Case ID: f-appx_275/html/0213-01.html
Source: Caselaw Access Project
Author: {"author": "PER CURIAM:", "license": "Public Domain", "url": "https://static.case.law/"}
Date Created: 2024-08-24T03:29:51.129683

Clarence HUELL, Petitioner—Appellant, v. State of SOUTH CAROLINA HUMAN AFFAIRS COMMISSION; Henry McMaster, Attorney General, Respondents—Appellees.
    No. 07-7731.
    United States Court of Appeals, Fourth Circuit.
    Submitted: April 24, 2008.
    Decided: April 28, 2008.
    Clarence Huell, Appellant Pro Se. Samuel Creighton Waters, Donald John Zelen-ka, Office of the Attorney General of South Carolina, Columbia, South Carolina, for Appellees.
    Before KING and SHEDD, Circuit Judges, and WILKINS, Senior Circuit Judge.
   PER CURIAM:

Clarence Huell seeks to appeal the district court’s orders accepting the recommendation of the magistrate judge and denying relief on his 28 U.S.C. § 2254 (2000) petition and denying his subsequent Fed.R.Civ.P. 59(e) motion. We dismiss the appeal for lack of jurisdiction because the notice of appeal was not timely filed.

Parties are accorded thirty days after the entry of the district court’s final judgment or order to note an appeal, Fed. R.App. P. 4(a)(1)(A), unless the district court extends the appeal period under Fed.

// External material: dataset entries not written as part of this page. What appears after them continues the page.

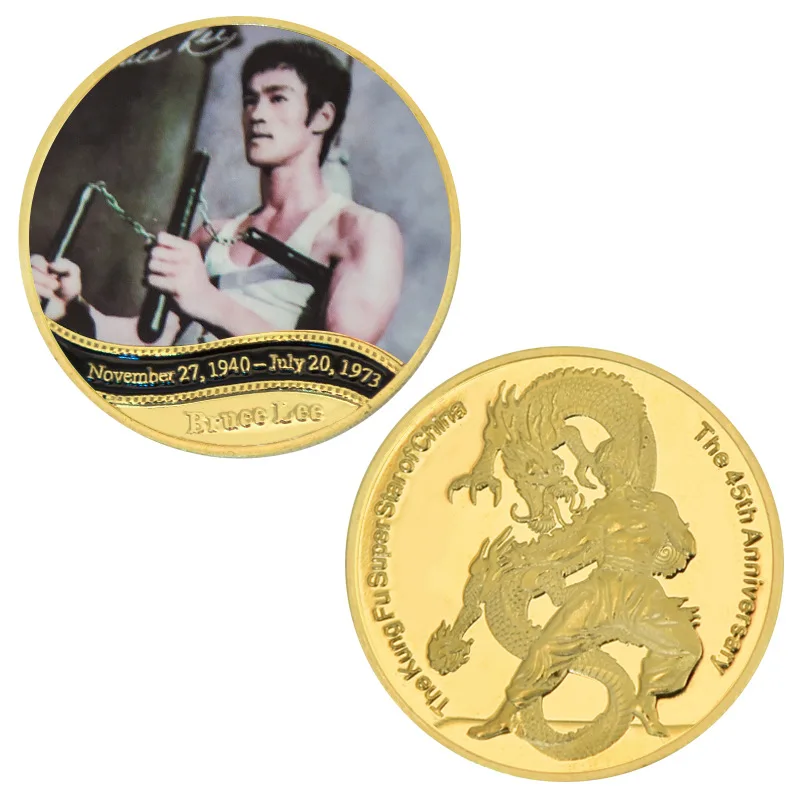 

Commemorative Medal Bruce Lee Commemorative Coin Metal Crafts Gold-plated Badge Medal Collection Badge Gift Souvenir Coins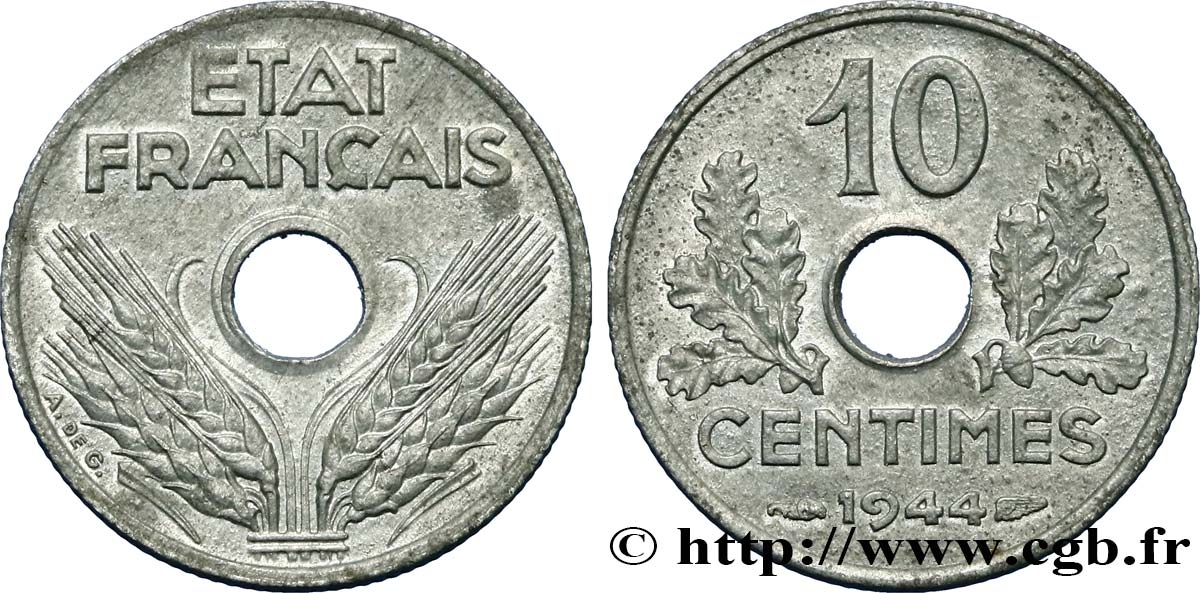 10 centimes État français, petit module 1944  F.142/3 EBC55 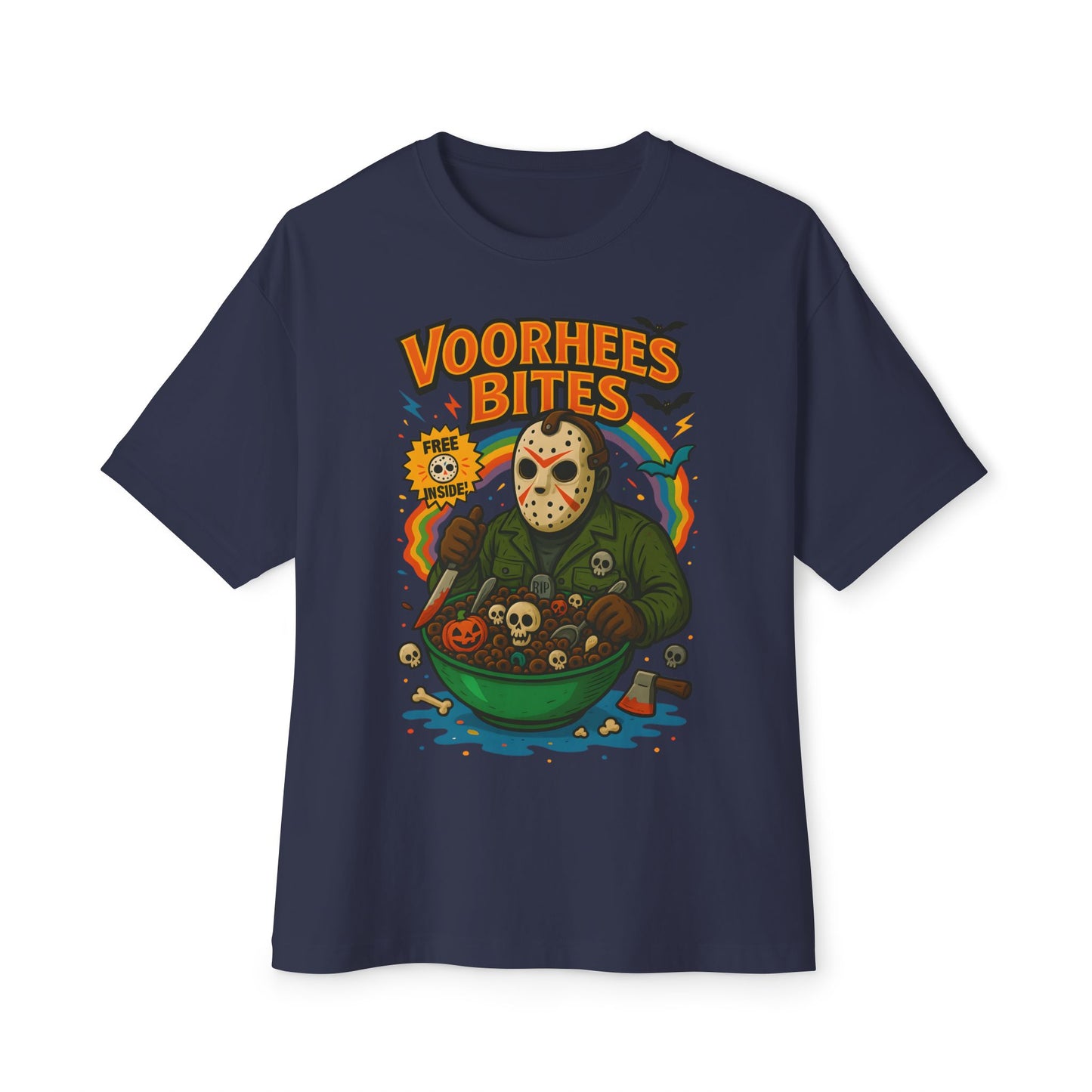 Retro Horror Graphic Tee - Voorhee's Bites | Unisex Oversized Tee, Horror Fashion, Movie Merchandise, Halloween Apparel, Casual Streetwear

R.App. P. 4(a)(5), or reopens the appeal period under Fed. R.App. P. 4(a)(6). This appeal period is “mandatory and jurisdictional.” Browder v. Dir., Dep’t of Corr., 434 U.S. 257, 264, 98 S.Ct. 556, 54 L.Ed.2d 521 (1978) (quoting United States v. Robinson, 361 U.S. 220, 229, 80 S.Ct. 282, 4 L.Ed.2d 259 (1960)).

The district court’s final order denying Huell’s timely filed Rule 59(e) motion was entered on the docket on October 16, 2007. The notice of appeal was filed on November 19, 2007. Because Huell failed to file a timely notice of appeal or to obtain an extension or reopening of the appeal period, we dismiss the appeal. We dispense with oral argument because the facts and legal contentions are adequately presented in the materials before the court and argument would not aid the decisional process.

DISMISSED. 
      
       For the purpose of this appeal, we assume that the date appearing on the notice of appeal is the earliest date it could have been properly delivered to prison officials for mailing to the court. Fed. R.App. P. 4(c); Houston v. Lack, 487 U.S. 266, 108 S.Ct. 2379, 101 L.Ed.2d 245 (1988).